Among the specific recommendations for the industry that are made by the “Mobile Apps for Kids: Disclosures Still Not Making the Gradereport:

  • Incorporating privacy protections into the design of mobile products and services; 

  • Offering parents easy-to-understand choices about the data collection and sharing through kids’ apps; and

  • Providing greater transparency about how data is collected, used, and shared through kids’ apps.

“Among 400 apps designed for kids examined by the FTC, most failed to inform parents about the types of data the app could gather and who could access it,” reports the Associated Press’ Richard Lardner. “Other apps contained advertising that most parents would find objectionable or included links to Facebook, Twitter and other social media services where kids post information about themselves.”

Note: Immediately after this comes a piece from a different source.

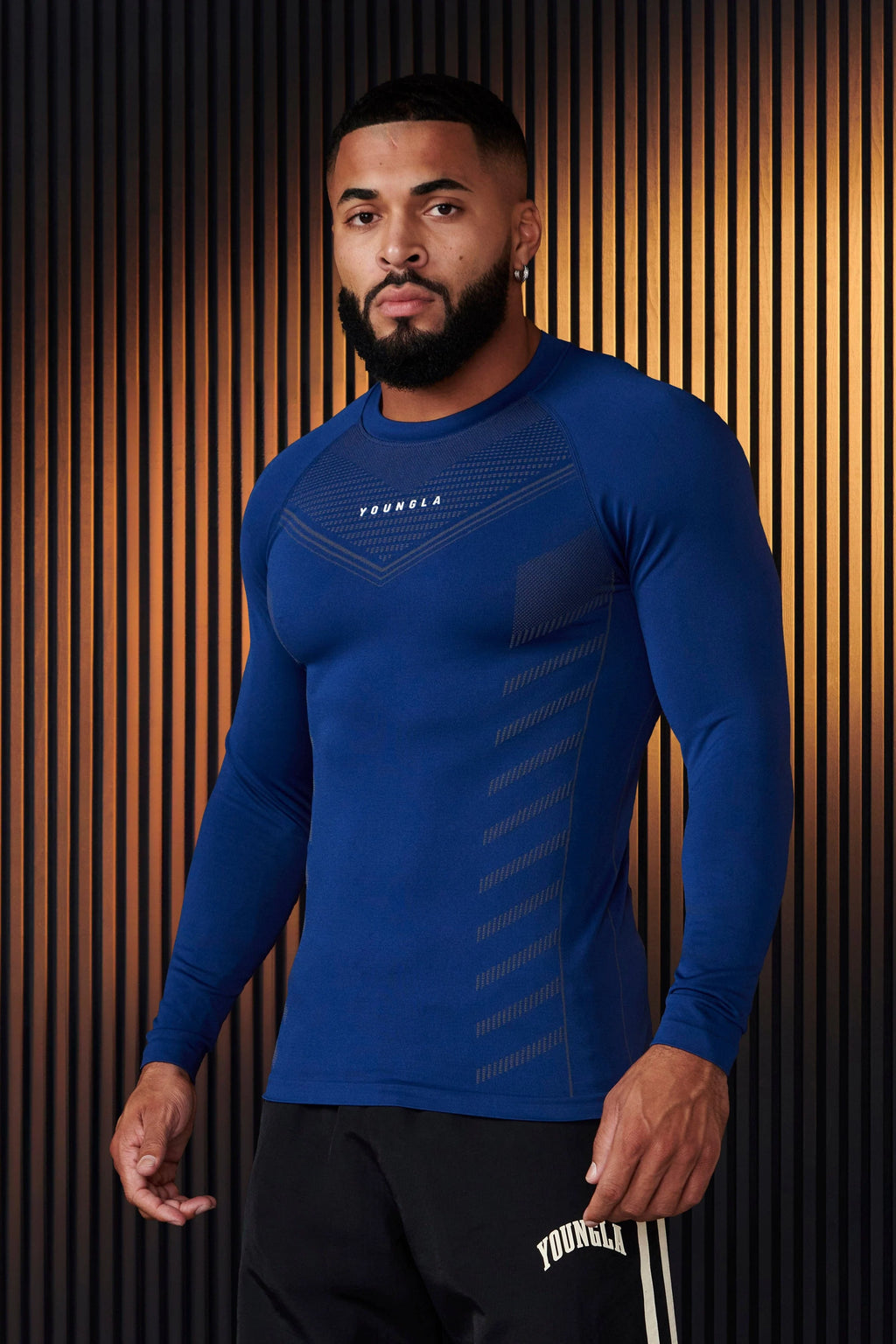 833 - SUPERHERO COMPRESSION LONGSLEEVES PRE-ORDER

The Washington Post’s Cecilia King observes that “the findings come ahead of a landmark vote at the FTC on new online child privacy rules that aim to curb companies from tracking pre-teens on mobile devices” –- protections that the Obama administration has been pushing for.

Morgan Reed, executive director of the Association for Competitive Technology, a trade group for “small business innovators,” points out that “the rapid growth of the mobile app industry has been fueled by startups and first-time developers, some of whom are still in high school. In fact, 87% of apps are developed by small or micro businesses that do not have legal departments or privacy experts on staff.”

Reed’s group has been partnering with Parents with Apps to educate developers and develop new privacy disclosure icons for children’s apps. He also points out that the FTC report failed to mention “Apple and the other platforms are moving developers away from using device-specific identifiers that can be unified across apps and services.”

The Wall Street Journal’s Anton Troianovski and Jessica E. Lessin lede with the point that the big companies are themselves coming under increasing scrutiny and report that “for months Apple and Google have lobbied the FTC to exempt them from responsibility for privacy violations involving apps sold by the companies built by independent developers.”

They do point out that “the FTC credited Google and Apple for requiring app developers to get users' permission before collecting sensitive data such as location information and contact lists and for taking steps to make such disclosures easier.”

Although many, if not most, consumers have passively acceded to the Faustian bargain of giving up some information about themselves to utilize the targeted features apps are capable of providing –- even sales pitches –- one wonders how many realize just how pervasive the practice really is on all digital devices.

Writes one rueful participant in the give-and-take: “What's ironic is that as we (myself included) take the time to comment on this article, the NY Times website is tracking us relentlessly. A browser plugin, that shall go unnamed, alerts me that it's blocking 9 attempts (by 7 companies) to track me while I read this article.”

When children are involved, of course, the game is escalated to an entirely different level. Pointing out yesterday that its staff “found little progress toward giving parents the information they need to determine what data is being collected from their children, how it is being shared, or who will have access to it” since its first report last year, the FTC promised yesterday to keep the heat on, both publicly and in “non-public investigations.”